Crowdsourcing best-practices alternative methods for CARG-BC clinical prediction model

The CARG-BC clinical prediction model published recently in JCO [1] strikes me as methodologically flawed on multiple levels, even decision-theoretically and ethically. In this post, I would hope to explore specifically the gap between the methods employed and ‘best-practices’ prediction modeling such as might be done at the leading edge of ‘mainstream biostats’ as represented in this forum.

The paper is paywalled, and not even on Sci-Hub yet. But this screenshot of p.3 exposes most of the statistical suboptimalities that I can see, and it seems to fall within ‘fair use’ to post it:

I of course don’t even like the problem framing—why passively predict toxicities when you could actively avert them?!—but taking the authors’ clinical prediction problem for granted, what would be an ideal statistical approach?

  1. Magnuson A, Sedrak MS, Gross CP, et al. Development and Validation of a Risk Tool for Predicting Severe Toxicity in Older Adults Receiving Chemotherapy for Early-Stage Breast Cancer. J Clin Oncol. Published online January 14, 2021:JCO2002063. doi:10.1200/JCO.20.02063 PMID: 33444080

See also several images from this tweet by Sumanta Pal:


In case it helps spark conversation, the model development and validation featured:

  • Dichotomous everything, on both sides of the regression
  • Stepwise variable selection
  • No calibration plot shown [thanks to @scboone for correction below!]
  • Hosmer-Lemeschow goodness-of-fit
  • Temporal splitting of data, apparently to enable claim of ‘external’ validation (vis-à-vis presumed secular trends) despite the availability of multiple centers in this multicenter trial
  • A non-reproducible model selection procedure
  • Subjective model selection (per ‘clinical relevance’ of included variables) after automated model-proliferation process
  • No effort to shrink model parameter estimates AFAICT

Browsed through the article.

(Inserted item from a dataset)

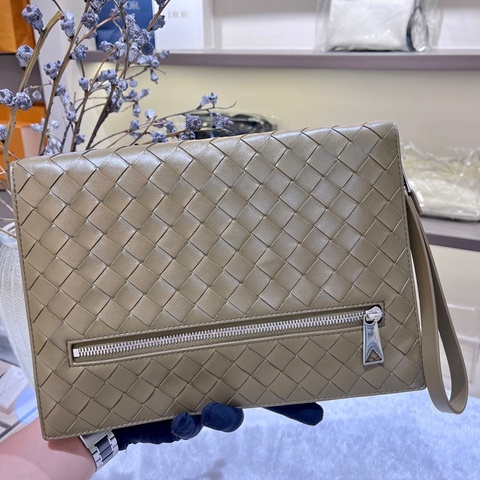 【葆蝶家/Bottega Veneta Intreccio編織拉鍊開合文件包公文包手拿包】小號 男款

Some other things that I was wondering about:

  • No deaths outside of one from adverse events? Only 1 death is reported as AE but no more people died? I find this hard to believe in a population \geq 65 years old with mean age of 70. (In turn, this makes me wonder whether a more survival analysis-oriented modeling strategy might not be appropriate in this setting?). Edit: never mind this, the treatment period is quite short so this is probably not an issue.
  • No model intercept published: just the ORs for the predictors and the simplified scoring system that is based on the model.
  • Calibration plot is included but all the way at the end and only for the development cohort.
  • In line with the lack of assessment of calibration in the validation sample, all judgment of model function ultimately seems to be based on the AUC?

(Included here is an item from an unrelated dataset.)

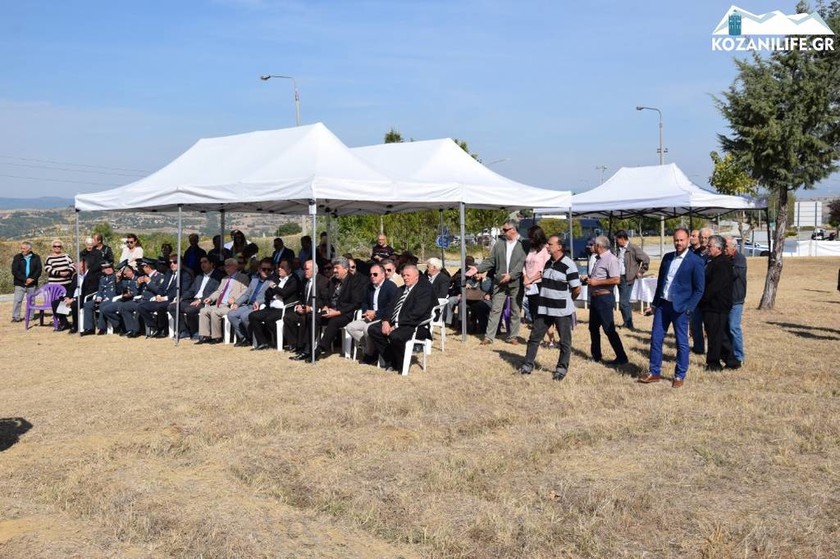 Κοζάνη: Συγκίνηση στα αποκαλυπτήρια για το μνημείο του ειδικού φρουρού Στάθη Λαζαρίδη (pics & vid)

Very good points here, Sebastian — and thank you especially for correcting me on calibration plot. TRIPOD indeed requests published intercepts, as seen in this excerpt from Table 1 in [2]:

In fact, the authors cite [2] (their ref. 17) as justification for the temporal splitting of data. Here is a quote from the relevant section [2,p.W3], where this practice is termed ‘temporal or narrow validation’:

“External validation may use participant data collected by the same investigators, typically using the same predictor and outcome definitions and measurements, but sampled from a later period (tem- poral or narrow validation); by other investigators in another hospital or country (though disappointingly rare [27]), sometimes using different definitions and measurements (geographic or broad validation); in similar participants, but from an intentionally different setting (for example, a model developed in secondary care and assessed in similar participants, but selected from primary care); or even in other types of participants (for example, model developed in adults and as- sessed in children, or developed for predicting fatal events and assessed for predicting nonfatal events) (19, 20, 26, 28–30).”

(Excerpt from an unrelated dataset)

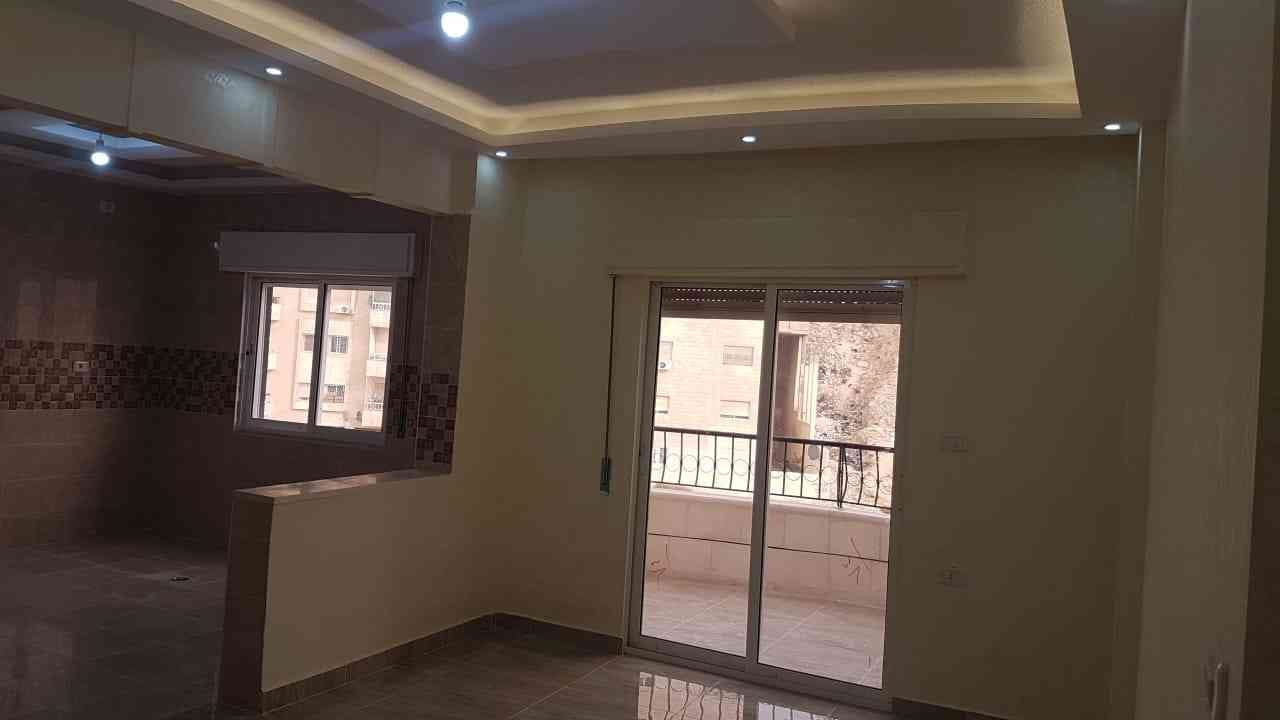 شقق مميزه للبيع مساحات 150 في غاية الروعه ام نواره
لا تنسَ أنك شاهدت هذا الإعلان في عنكبوت
شق...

Indeed, I see a section of [2] that presents an example of reporting backward stepwise without any hint of disparaging the practice:

This raises the question, whether the TRIPOD Statement, by focusing on accurately describing whatever has been done—even if it is bad—might be read as tacitly endorsing the bad things.

  1. Moons KGM, Altman DG, Reitsma JB, et al. Transparent Reporting of a multivariable prediction model for Individual Prognosis Or Diagnosis (TRIPOD): Explanation and Elaboration. Annals of Internal Medicine. 2015;162(1):W1. doi:10.7326/M14-0698
1 Like

Hope the discussion picks up some more. But I was thinking of your last statement

What I’ve run into a few times recently are prediction studies that reference the TRIPOD statement but then seem to ignore a lot of its advice and simply use the TRIPOD checklist as some sort of seal of approval/quality. Frequently they include the TRIPOD checklist at the end of the manuscript with details on the location of various items in their manuscript, e.g.:

But this is sort of the end of their adherence to the TRIPOD statement. They just fill out the squares, attach the checklist and that is it. I already have several recent references like this quoting TRIPOD and its recommendations for reporting but omitting important information such as model equations and key information on statistical analyses.

1 Like

TRIPOD group seem to be open to that type of criticism:

1 Like

When TRIPOD was being formulated I strongly voiced the reservation that bad statistical practice was not being prescribed against in the guidelines. I lost the argument.